Segment Open
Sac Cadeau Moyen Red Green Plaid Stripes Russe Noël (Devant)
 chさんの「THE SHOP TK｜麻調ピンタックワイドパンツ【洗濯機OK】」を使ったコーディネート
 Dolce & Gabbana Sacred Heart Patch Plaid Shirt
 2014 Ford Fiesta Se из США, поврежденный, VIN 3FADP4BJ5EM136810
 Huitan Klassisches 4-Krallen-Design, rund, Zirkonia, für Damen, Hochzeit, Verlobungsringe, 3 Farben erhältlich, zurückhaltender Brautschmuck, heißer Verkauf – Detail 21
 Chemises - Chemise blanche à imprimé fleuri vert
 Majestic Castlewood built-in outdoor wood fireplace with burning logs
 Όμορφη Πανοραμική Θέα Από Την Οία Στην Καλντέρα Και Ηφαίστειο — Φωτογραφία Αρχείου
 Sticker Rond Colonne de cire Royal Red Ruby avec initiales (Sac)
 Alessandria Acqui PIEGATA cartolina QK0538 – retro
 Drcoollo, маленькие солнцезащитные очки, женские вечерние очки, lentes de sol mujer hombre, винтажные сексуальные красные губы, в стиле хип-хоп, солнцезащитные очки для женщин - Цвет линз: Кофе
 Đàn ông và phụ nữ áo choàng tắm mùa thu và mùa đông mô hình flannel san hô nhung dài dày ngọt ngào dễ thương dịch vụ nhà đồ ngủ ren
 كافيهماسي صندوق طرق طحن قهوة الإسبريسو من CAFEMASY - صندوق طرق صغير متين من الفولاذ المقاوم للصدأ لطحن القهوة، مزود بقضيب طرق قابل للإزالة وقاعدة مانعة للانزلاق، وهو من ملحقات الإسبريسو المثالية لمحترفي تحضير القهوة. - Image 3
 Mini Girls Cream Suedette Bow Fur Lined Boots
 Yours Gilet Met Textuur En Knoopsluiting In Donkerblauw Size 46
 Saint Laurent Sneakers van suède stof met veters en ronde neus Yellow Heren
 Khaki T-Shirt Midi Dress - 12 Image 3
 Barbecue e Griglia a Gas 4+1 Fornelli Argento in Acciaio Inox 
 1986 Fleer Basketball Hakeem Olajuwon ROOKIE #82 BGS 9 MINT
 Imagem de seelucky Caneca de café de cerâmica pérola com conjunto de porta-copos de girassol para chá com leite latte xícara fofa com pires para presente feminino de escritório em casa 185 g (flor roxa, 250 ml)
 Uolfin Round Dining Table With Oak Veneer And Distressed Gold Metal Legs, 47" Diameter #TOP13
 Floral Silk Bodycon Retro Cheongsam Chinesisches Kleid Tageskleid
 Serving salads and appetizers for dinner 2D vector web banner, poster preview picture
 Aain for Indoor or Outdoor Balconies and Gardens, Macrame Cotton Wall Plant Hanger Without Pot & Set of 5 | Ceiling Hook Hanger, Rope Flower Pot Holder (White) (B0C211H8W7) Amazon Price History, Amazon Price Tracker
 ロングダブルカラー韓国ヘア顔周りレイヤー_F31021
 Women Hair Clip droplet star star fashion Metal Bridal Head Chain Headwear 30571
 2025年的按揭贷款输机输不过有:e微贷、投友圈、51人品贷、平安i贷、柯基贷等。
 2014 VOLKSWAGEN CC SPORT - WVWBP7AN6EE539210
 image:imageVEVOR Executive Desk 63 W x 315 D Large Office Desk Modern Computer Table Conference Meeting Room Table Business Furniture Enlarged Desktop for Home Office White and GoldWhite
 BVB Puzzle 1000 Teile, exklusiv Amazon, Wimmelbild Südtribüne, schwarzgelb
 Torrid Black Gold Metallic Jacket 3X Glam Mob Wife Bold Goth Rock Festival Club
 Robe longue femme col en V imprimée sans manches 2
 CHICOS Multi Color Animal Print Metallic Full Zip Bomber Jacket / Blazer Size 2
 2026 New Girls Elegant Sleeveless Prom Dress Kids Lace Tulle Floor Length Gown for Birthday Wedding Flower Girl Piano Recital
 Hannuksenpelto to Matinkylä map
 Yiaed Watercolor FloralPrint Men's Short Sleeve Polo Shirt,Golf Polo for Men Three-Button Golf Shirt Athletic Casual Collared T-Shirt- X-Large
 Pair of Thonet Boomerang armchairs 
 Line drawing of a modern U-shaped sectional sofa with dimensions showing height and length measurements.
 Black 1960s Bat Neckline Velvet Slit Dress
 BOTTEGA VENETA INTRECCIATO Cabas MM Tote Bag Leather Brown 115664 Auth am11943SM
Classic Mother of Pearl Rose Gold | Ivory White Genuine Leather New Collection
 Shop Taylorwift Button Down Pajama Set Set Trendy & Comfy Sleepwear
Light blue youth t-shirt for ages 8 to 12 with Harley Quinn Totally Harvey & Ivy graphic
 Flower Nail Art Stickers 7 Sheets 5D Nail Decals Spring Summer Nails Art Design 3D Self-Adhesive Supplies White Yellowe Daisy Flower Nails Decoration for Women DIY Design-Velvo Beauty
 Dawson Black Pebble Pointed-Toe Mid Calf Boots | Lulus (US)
Segment Closed
## PROBLEM
Give all the lines above again, exactly.

## THE ANSWER
Sac Cadeau Moyen Red Green Plaid Stripes Russe Noël (Devant)
 chさんの「THE SHOP TK｜麻調ピンタックワイドパンツ【洗濯機OK】」を使ったコーディネート
 Dolce & Gabbana Sacred Heart Patch Plaid Shirt
 2014 Ford Fiesta Se из США, поврежденный, VIN 3FADP4BJ5EM136810
 Huitan Klassisches 4-Krallen-Design, rund, Zirkonia, für Damen, Hochzeit, Verlobungsringe, 3 Farben erhältlich, zurückhaltender Brautschmuck, heißer Verkauf – Detail 21
 Chemises - Chemise blanche à imprimé fleuri vert
 Majestic Castlewood built-in outdoor wood fireplace with burning logs
 Όμορφη Πανοραμική Θέα Από Την Οία Στην Καλντέρα Και Ηφαίστειο — Φωτογραφία Αρχείου
 Sticker Rond Colonne de cire Royal Red Ruby avec initiales (Sac)
 Alessandria Acqui PIEGATA cartolina QK0538 – retro
 Drcoollo, маленькие солнцезащитные очки, женские вечерние очки, lentes de sol mujer hombre, винтажные сексуальные красные губы, в стиле хип-хоп, солнцезащитные очки для женщин - Цвет линз: Кофе
 Đàn ông và phụ nữ áo choàng tắm mùa thu và mùa đông mô hình flannel san hô nhung dài dày ngọt ngào dễ thương dịch vụ nhà đồ ngủ ren
 كافيهماسي صندوق طرق طحن قهوة الإسبريسو من CAFEMASY - صندوق طرق صغير متين من الفولاذ المقاوم للصدأ لطحن القهوة، مزود بقضيب طرق قابل للإزالة وقاعدة مانعة للانزلاق، وهو من ملحقات الإسبريسو المثالية لمحترفي تحضير القهوة. - Image 3
 Mini Girls Cream Suedette Bow Fur Lined Boots
 Yours Gilet Met Textuur En Knoopsluiting In Donkerblauw Size 46
 Saint Laurent Sneakers van suède stof met veters en ronde neus Yellow Heren
 Khaki T-Shirt Midi Dress - 12 Image 3
 Barbecue e Griglia a Gas 4+1 Fornelli Argento in Acciaio Inox 
 1986 Fleer Basketball Hakeem Olajuwon ROOKIE #82 BGS 9 MINT
 Imagem de seelucky Caneca de café de cerâmica pérola com conjunto de porta-copos de girassol para chá com leite latte xícara fofa com pires para presente feminino de escritório em casa 185 g (flor roxa, 250 ml)
 Uolfin Round Dining Table With Oak Veneer And Distressed Gold Metal Legs, 47" Diameter #TOP13
 Floral Silk Bodycon Retro Cheongsam Chinesisches Kleid Tageskleid
 Serving salads and appetizers for dinner 2D vector web banner, poster preview picture
 Aain for Indoor or Outdoor Balconies and Gardens, Macrame Cotton Wall Plant Hanger Without Pot & Set of 5 | Ceiling Hook Hanger, Rope Flower Pot Holder (White) (B0C211H8W7) Amazon Price History, Amazon Price Tracker
 ロングダブルカラー韓国ヘア顔周りレイヤー_F31021
 Women Hair Clip droplet star star fashion Metal Bridal Head Chain Headwear 30571
 2025年的按揭贷款输机输不过有:e微贷、投友圈、51人品贷、平安i贷、柯基贷等。
 2014 VOLKSWAGEN CC SPORT - WVWBP7AN6EE539210
 image:imageVEVOR Executive Desk 63 W x 315 D Large Office Desk Modern Computer Table Conference Meeting Room Table Business Furniture Enlarged Desktop for Home Office White and GoldWhite
 BVB Puzzle 1000 Teile, exklusiv Amazon, Wimmelbild Südtribüne, schwarzgelb
 Torrid Black Gold Metallic Jacket 3X Glam Mob Wife Bold Goth Rock Festival Club
 Robe longue femme col en V imprimée sans manches 2
 CHICOS Multi Color Animal Print Metallic Full Zip Bomber Jacket / Blazer Size 2
 2026 New Girls Elegant Sleeveless Prom Dress Kids Lace Tulle Floor Length Gown for Birthday Wedding Flower Girl Piano Recital
 Hannuksenpelto to Matinkylä map
 Yiaed Watercolor FloralPrint Men's Short Sleeve Polo Shirt,Golf Polo for Men Three-Button Golf Shirt Athletic Casual Collared T-Shirt- X-Large
 Pair of Thonet Boomerang armchairs 
 Line drawing of a modern U-shaped sectional sofa with dimensions showing height and length measurements.
 Black 1960s Bat Neckline Velvet Slit Dress
 BOTTEGA VENETA INTRECCIATO Cabas MM Tote Bag Leather Brown 115664 Auth am11943SM
Classic Mother of Pearl Rose Gold | Ivory White Genuine Leather New Collection
 Shop Taylorwift Button Down Pajama Set Set Trendy & Comfy Sleepwear
Light blue youth t-shirt for ages 8 to 12 with Harley Quinn Totally Harvey & Ivy graphic
 Flower Nail Art Stickers 7 Sheets 5D Nail Decals Spring Summer Nails Art Design 3D Self-Adhesive Supplies White Yellowe Daisy Flower Nails Decoration for Women DIY Design-Velvo Beauty
 Dawson Black Pebble Pointed-Toe Mid Calf Boots | Lulus (US)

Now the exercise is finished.